Tuż po meczu ze Słowacją spore zamieszanie wzbudziły doniesienia Tomasza Smokowskiego, który w trakcie jednego z programów na Kanale Sportowym oznajmił, iż widział markery zmęczeniowe jednego z naszych reprezentantów. Do całej sytuacji w końcu odniósł się zarówno zawodnik kadry, jak i rzecznik prasowy. Tymoteusz Puchacz skomentował sprawę lekkim żartem.
Pojawiło się mnóstwo teorii na temat przygotowania fizycznego reprezentacji Polski. Oliwy do ognia z pewnością dolała wypowiedź Tomasza Smokowskiego, który w programie Hejt Park zdradził, że widział markery zmęczeniowe jednego z piłkarzy naszej kadry i były bardzo niepokojące, gdyż znacząco przewyższały normę.
Sprawa wyjaśniona
Ten temat został poruszony w trakcie poniedziałkowej konferencji prasowej. Najpierw do pytania odniósł się Tymoteusz Puchacz, który w dość zabawny sposób oznajmił, iż jedyne markery jakie widział, to te do podpisywania piłek.

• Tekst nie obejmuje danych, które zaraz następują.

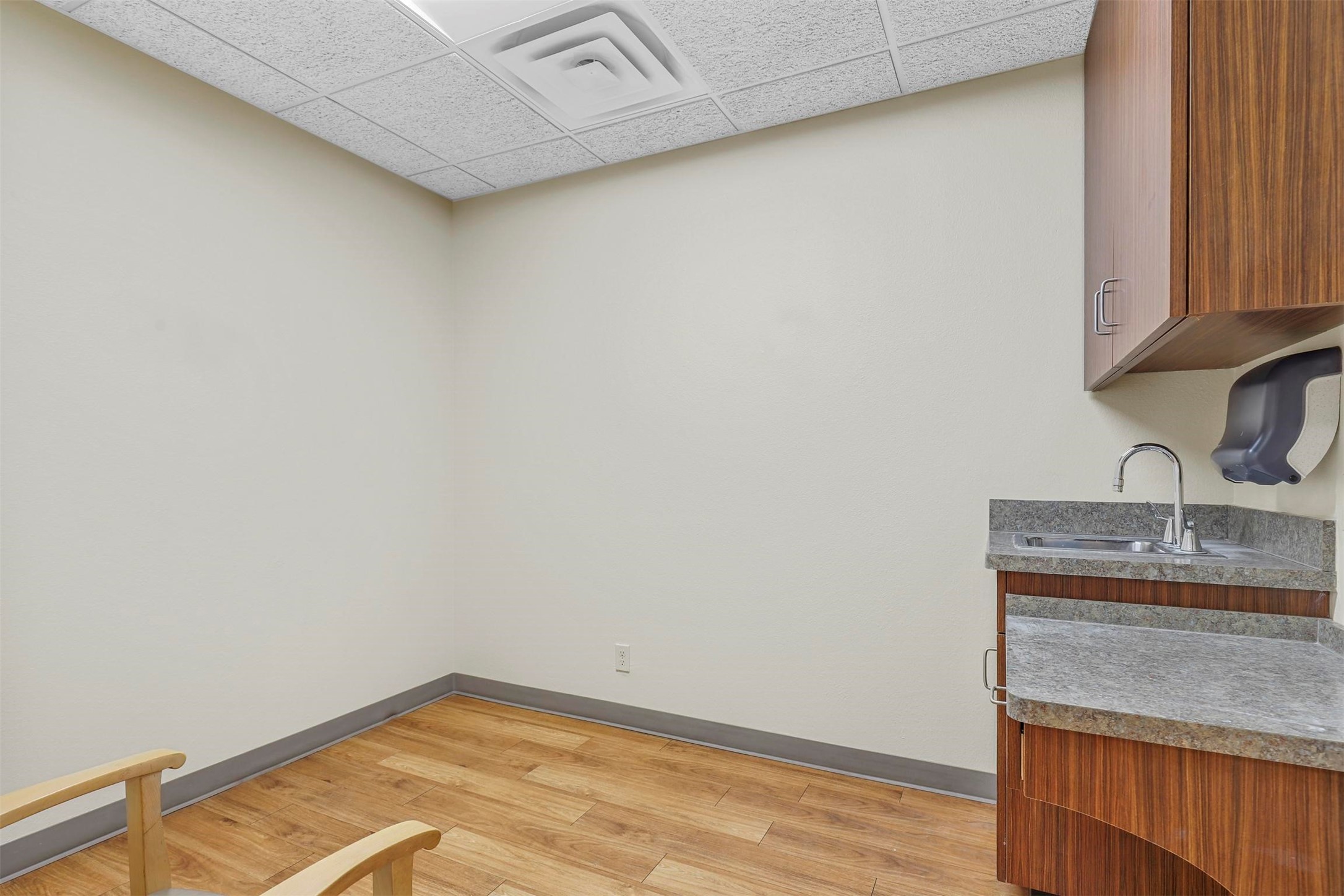 11801 South Freeway Unit: 330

#Euro2020. Tymoteusz Puchacz: "markery" zmęczeniowe? Jedyne markery, jakie widziałem, to te, którymi podpisujemy piłki#wieszwięcej @sport_tvppl pic.twitter.com/DCTVEo0K9v
— tvp.info 🇵🇱 (@tvp_info) June 21, 2021
Poważnie do tematu podszedł Jakub Kwiatkowski. Rzecznik PZPN wyjaśnił, że te wyniki dotyczyły zawodnika, który był kontuzjowany, więc wynik nie musiał koniecznie oznaczać przemęczenia.